Día 1
Mi salida de Manaus en la mañana del 23 de diciembre de 2015 no fue lo que me había imaginado. Sentada en la cubierta del Amazon Star, el barco que me llevará a Belém, casi a la media noche, no dejo de pensar en el robo de mi última noche allá. A pocos metros de la puerta del hostal, dos hombres en una moto nos atracaron a mí y otros dos amigos. Todo pasó tan rápido, y aunque el instinto me decía que corriera, el arma que tenía el atracador entre el pantalón me obligó a eventualmente permitir que me arrancara el bolso.
Fue un aprendizaje, me digo a mí misma, de no salir con cosas que no voy a necesitar, especialmente en la noche; pudo haber sido mucho peor, me repito, tratando de olvidar todas las cositas que tenía ahí—unas gafas de sol, dos libretas pequeñas, un candado, una memoria USB, el celular.
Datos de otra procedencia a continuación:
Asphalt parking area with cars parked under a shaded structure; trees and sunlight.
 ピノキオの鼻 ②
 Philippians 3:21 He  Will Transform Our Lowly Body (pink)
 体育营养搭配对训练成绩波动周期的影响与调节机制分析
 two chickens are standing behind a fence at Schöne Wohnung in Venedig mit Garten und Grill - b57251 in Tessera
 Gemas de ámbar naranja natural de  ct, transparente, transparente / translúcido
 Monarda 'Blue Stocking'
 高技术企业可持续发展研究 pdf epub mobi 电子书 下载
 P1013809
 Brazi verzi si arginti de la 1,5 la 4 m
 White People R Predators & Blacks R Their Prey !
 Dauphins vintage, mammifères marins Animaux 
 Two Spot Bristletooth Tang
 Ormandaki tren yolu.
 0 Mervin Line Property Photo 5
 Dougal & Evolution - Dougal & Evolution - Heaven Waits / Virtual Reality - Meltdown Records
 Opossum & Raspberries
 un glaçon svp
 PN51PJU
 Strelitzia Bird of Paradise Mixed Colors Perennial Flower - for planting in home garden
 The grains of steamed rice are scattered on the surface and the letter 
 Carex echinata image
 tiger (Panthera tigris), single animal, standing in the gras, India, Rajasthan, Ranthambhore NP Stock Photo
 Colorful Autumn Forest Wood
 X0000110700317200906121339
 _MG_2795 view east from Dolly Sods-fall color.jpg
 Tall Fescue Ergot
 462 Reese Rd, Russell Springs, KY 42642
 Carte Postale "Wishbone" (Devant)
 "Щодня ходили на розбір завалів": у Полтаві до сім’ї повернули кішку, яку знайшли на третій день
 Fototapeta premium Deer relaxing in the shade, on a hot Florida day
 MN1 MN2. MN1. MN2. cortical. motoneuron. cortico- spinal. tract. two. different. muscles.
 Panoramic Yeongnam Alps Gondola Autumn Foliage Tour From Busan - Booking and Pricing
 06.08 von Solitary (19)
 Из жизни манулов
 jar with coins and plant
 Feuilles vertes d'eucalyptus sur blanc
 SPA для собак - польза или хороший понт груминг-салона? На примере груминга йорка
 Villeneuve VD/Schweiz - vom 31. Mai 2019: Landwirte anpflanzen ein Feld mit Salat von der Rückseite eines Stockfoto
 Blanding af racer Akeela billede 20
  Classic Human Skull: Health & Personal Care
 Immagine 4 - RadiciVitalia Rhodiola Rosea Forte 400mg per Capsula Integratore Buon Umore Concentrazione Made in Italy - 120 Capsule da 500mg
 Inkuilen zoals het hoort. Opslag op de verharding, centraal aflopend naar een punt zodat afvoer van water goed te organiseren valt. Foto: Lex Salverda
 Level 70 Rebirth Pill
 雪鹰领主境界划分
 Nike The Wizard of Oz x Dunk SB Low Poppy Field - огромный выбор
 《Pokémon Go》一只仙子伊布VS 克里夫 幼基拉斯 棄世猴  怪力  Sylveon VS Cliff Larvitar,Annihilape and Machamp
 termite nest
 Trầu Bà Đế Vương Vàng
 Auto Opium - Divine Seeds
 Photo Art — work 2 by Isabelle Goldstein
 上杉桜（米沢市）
Pero había tenido un día largo y no estaba pensando, y estando tan cerca a Navidad, era de esperarse que la gente, desesperada por llevar regalos a su casa, salga a buscar víctimas en las calles oscuras del centro de la ciudad. Trato de olvidar el robo y miro el cielo negro del Amazonas.
A pesar de haber llegado al barco a las 7:30 am, los espacios para las hamacas ya eran escasos y me tuve que acomodar en el medio de la atestada cubierta, rodeada por filas de hamacas a lado y lado. Pienso que si hubiera venido a dormir al barco la noche antes de zarpar, no sólo tendría un mejor espacio pero no me hubieran robado. Sé que de nada sirve pensar en todo lo que pude haber hecho de otra manera para evitar el atraco, o mi incomodidad en el barco, pero en la oscuridad de la noche no lo puedo evitar.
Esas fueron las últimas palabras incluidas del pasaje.